Hazel explained that while "the administration was considering the citizenship question addition, President Trump" made comments about communities that plaintiffs on the case represent. Specifically, Hazel pointed to Trump's Jan. 11 statement about "these people from 'shithole countries' coming to the United States," as well as what Hazel described as "his degrading comparisons of immigrants to 'animals.'"
If the citizenship question is allowed to remain on the 2020 census, it would be the first time that the question has appeared on a decennial census since 1950, according to the Pew Research Center.
The Census Bureau asks about citizenship status on the American Community Survey, an ongoing survey that is sent out to several million people each year, but it does not ask about citizenship the decennial census, which is sent to every household in the United States. Critics of the recently re-added citizenship question argue that asking about citizenship would deter many immigrants from responding to the census.
If a large group of the population were to opt out of responding to the census, there could be long-term implications because census results impact how political districts are drawn. If immigrant groups weren't counted, the districts they live in could be altered in a way that would discount their residence therein, effectively reducing their political voice. This could affect the way that federal dollars are spent, according to The Huffington Post.

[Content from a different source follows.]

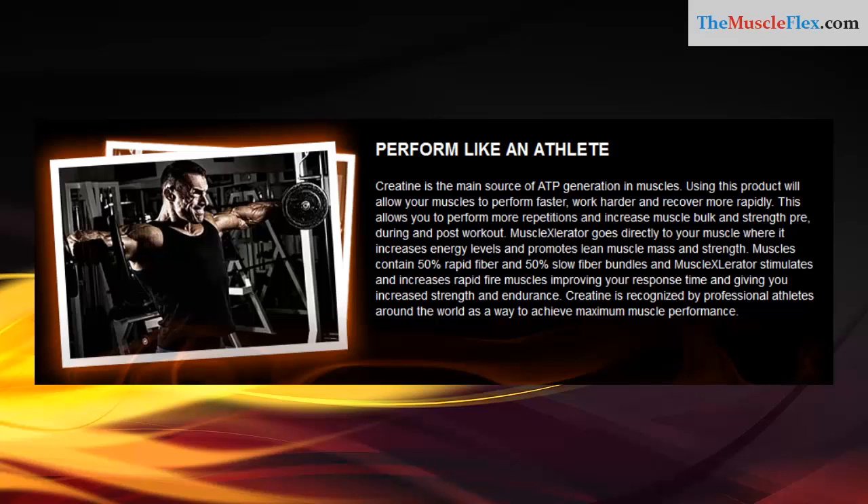Muscles contain 50% rapid fiber and 50% slow fiber bundles. Muscle Accelerator stimulates and increases rapid fiber muscles, improving your response time and giving you increased strength and endurance.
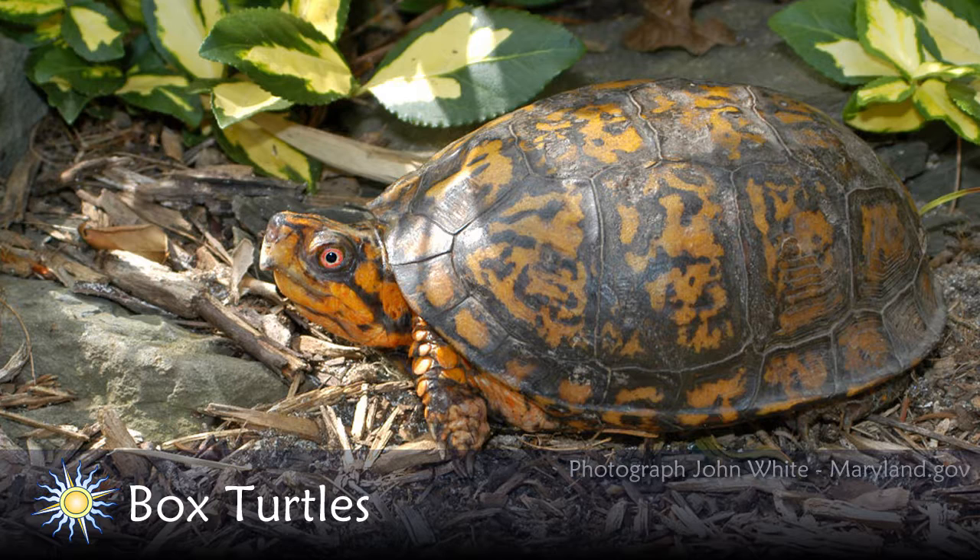You can also, on your own property — whether it's small or large — if you know you have box turtles there, think about leaving an edge along the forest as unmowed habitat, at least through the summer into the fall. That gives them an area to catch insects, to feed, and to nest.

In turn, the Trump administration has argued that asking about citizenship could help the government enforce the Voting Rights Act. Though it's not clear how the lawsuit will ultimately play out, this particularly lawsuit, which moved forward on Friday, marks just one of several similar cases currently working their way through the legal system.
In a separate complaint from one of the other cases, which was shared online by the ACLU earlier this month, for example, plaintiffs have argued that the decision to add the citizenship question to the census was a "naked act of intentional discrimination directed at immigrant communities of color that is intended to punish their presence, avoid their recognition, stunt their growing political power, and deprive them and the communities in which they live of economic benefits."
It's unclear how any of the judges presiding over any of the lawsuits will ultimately decide. However, as the Trump administration has made litigating immigration and immigrant communities a top priority, it's likely that the battle over the citizenship question will continue to garner a lot of public attention.